As the 1960s were ending, Duane McDaniels was at the top of his game, and that game was motorcycle road racing. With immaculately-prepared white Yamahas from his sponsors, Twin K Sports and Fred Deeley Ltd., Duane crossed the border from his home in Michigan and won the Canadian No. 1 plate three years running. Then, in 1972, as quickly as he’d arrived at the top, Duane decided to move on to other sports, and we didn’t see him again.
It may have seemed abrupt but, in fact, his road racing career spanned a full decade by the time he retired. Duane started in competition even earlier, as an 18-year-old riding his Triumph at a local drag strip near Detroit in 1958. He eventually bought a 200 cc Ducati and began road racing in 1962 at Harewood Acres near Jarvis, Ontario. Eastern Canada was a hotbed of road racing at a time when few such events were being held in the U.S., and there was a strong contingent of Michigan riders at every race. Duane rode at Harewood, Mosport, St-Eustache and Mont-Tremblant.
Looking for a more competitive ride, Duane moved to a 250 cc Honda, then a Yamaha TD-1B, all of which machines he still owns. His success was sufficient to attract sponsorship in 1968 from a local Yamaha dealership, Twin K Sports, and Duane was quickly headed for the top ranks. He won the 125 cc class of the Grand Prix of North America in 1968, and the Canadian Grand Prix in 1969, as well as the President’s Trophy and traditional headdress in BEMC’?s Indian Summer Trophy Races.
A call from Canada’s Yamaha importer, Trev Deeley, brought the offer of full sponsorship for 1970, and the stage was set for Duane’s greatest success. His sponsors confidence was rewarded with a trio of Canadian national championships in the 125, 250 and 500 cc classes after a season of battles with a who’s-who of North American racing of the time. Names like our own Dave Lloyd, Conrad Urbanowski, Sandy Douglas, Doug Teague, Frank Mrazek and Jean Lysight ensured that Duane’s wins didn’t come easily. He also claimed Mallory Cups in the 125 and 250 cc classes, The Imperial Trophy, the Centennial Trophy, and the prestigious Kaye Don Award.
Duane also raced in a pair of 24-hour production races, the first on a Triumph at Harewood during the old airport track’?s final season in 1970, and the next at Mosport on a Yamaha, where his team placed fourth overall and first in the 250 cc class.

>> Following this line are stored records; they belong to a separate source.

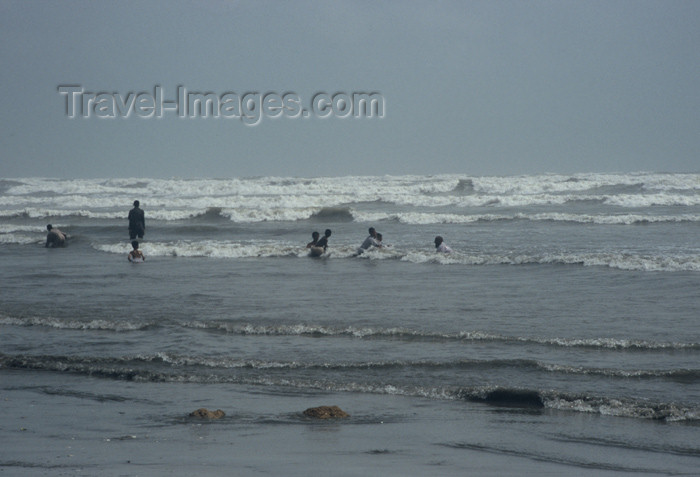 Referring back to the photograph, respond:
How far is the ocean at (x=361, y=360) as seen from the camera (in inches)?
212

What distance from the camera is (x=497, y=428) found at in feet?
20.2

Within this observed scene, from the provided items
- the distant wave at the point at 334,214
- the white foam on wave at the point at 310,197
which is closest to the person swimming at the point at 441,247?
the white foam on wave at the point at 310,197

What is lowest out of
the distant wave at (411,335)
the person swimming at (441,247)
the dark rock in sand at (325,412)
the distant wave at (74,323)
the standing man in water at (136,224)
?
the dark rock in sand at (325,412)

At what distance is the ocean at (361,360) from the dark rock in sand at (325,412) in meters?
0.10

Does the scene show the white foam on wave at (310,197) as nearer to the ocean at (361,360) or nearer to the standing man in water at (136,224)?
the standing man in water at (136,224)

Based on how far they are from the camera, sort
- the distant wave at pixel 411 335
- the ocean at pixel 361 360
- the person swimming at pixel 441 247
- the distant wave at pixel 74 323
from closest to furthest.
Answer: the ocean at pixel 361 360, the distant wave at pixel 411 335, the distant wave at pixel 74 323, the person swimming at pixel 441 247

In 1971, Duane won the 125 cc class in the Canadian Grand Prix, his third consecutive Indian Summer headdress, as well as Mallory Cups and national championships in the 250 and 500 cc classes. Then, he decided that was enough and moved on to sailboats, iceboats and windsurfing. He still kept in touch with motorcycling friends and remains an avid rider on the street.
According to his friend, Doug Teague, another road racer of the highest order, “The most endearing and enjoyable quality I recall that Duane always demonstrated was his enjoyment and support of the community of competitors that made up the sport of Canadian road racing. Duane always had a smile and an engaging story about everything and everyone who made up the weekends of racing we all enjoyed”.
Duane also enjoyed the continued support of wife, Judy, whose commitment and dedication, even through some very cold and rainy weekends, was unending. For many years, the team of Duane, Judy, and Twin K sponsors, Bill Krumple and Syl Kulaga, were a dominating feature of road race events in Ontario and Quebec. He also enjoys long-time racing friends, as he routinely attends the annual Windsor Motorcycle Club banquet in January. I know that his days of Canadian road racing are very dear to Duane.